Eating at least two servings of avocado a week reduced the risk of having a heart attack by 21% when compared to avoiding or rarely eating avocados. However, there was not an equivalent benefit in reducing the risk of stroke, according to the study published Wednesday in the Journal of the American Heart Association.
A serving of avocado, which is a fruit, was defined as “oc avocado or ½ cup of avocado, which roughly weighs 80 grams,” said study author Lorena Pacheco, a postdoctoral research fellow in the department of nutrition at Harvard TH Chan School of Public Health in Boston.
“Although no one food is the solution to routinely eating a healthy diet, this study is evidence that avocados have possible health benefits,” said Cheryl Anderson, chair of the American Heart Association’s Council on Epidemiology and Prevention, in a statement. Anderson was not involved in the study.

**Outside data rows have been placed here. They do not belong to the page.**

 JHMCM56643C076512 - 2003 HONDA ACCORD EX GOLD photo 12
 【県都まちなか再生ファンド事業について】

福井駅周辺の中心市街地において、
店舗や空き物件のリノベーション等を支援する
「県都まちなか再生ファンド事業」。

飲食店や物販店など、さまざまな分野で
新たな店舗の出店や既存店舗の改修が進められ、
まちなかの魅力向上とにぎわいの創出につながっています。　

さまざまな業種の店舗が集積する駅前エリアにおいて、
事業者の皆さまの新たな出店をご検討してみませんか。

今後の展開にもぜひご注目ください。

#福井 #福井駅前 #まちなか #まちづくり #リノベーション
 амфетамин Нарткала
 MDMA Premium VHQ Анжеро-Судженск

“We desperately need strategies to improve intake of AHA-recommended healthy diets – such as the Mediterranean diet – that are rich in vegetables and fruits,” said Anderson, who is also professor and dean of the Herbert Wertheim School of Public Health and Human Longevity Science at the University of California San Diego.

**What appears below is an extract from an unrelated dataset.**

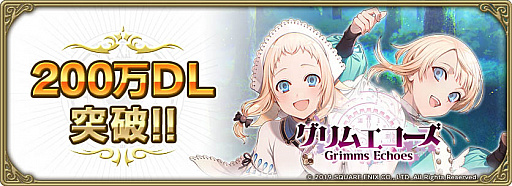 ꡼ No.002Υͥ / ֥२פ200ɤ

The study followed more than 68,000 women and 41,000 men who were enrolled in two long-term government studies on risk factors for chronic disease: the Nurses’ Health Study and Health Professionals Follow-up Study. All participants were free of cancer, coronary heart disease and stroke at the start of the studies and completed dietary questionnaires every four years over a 30-year period.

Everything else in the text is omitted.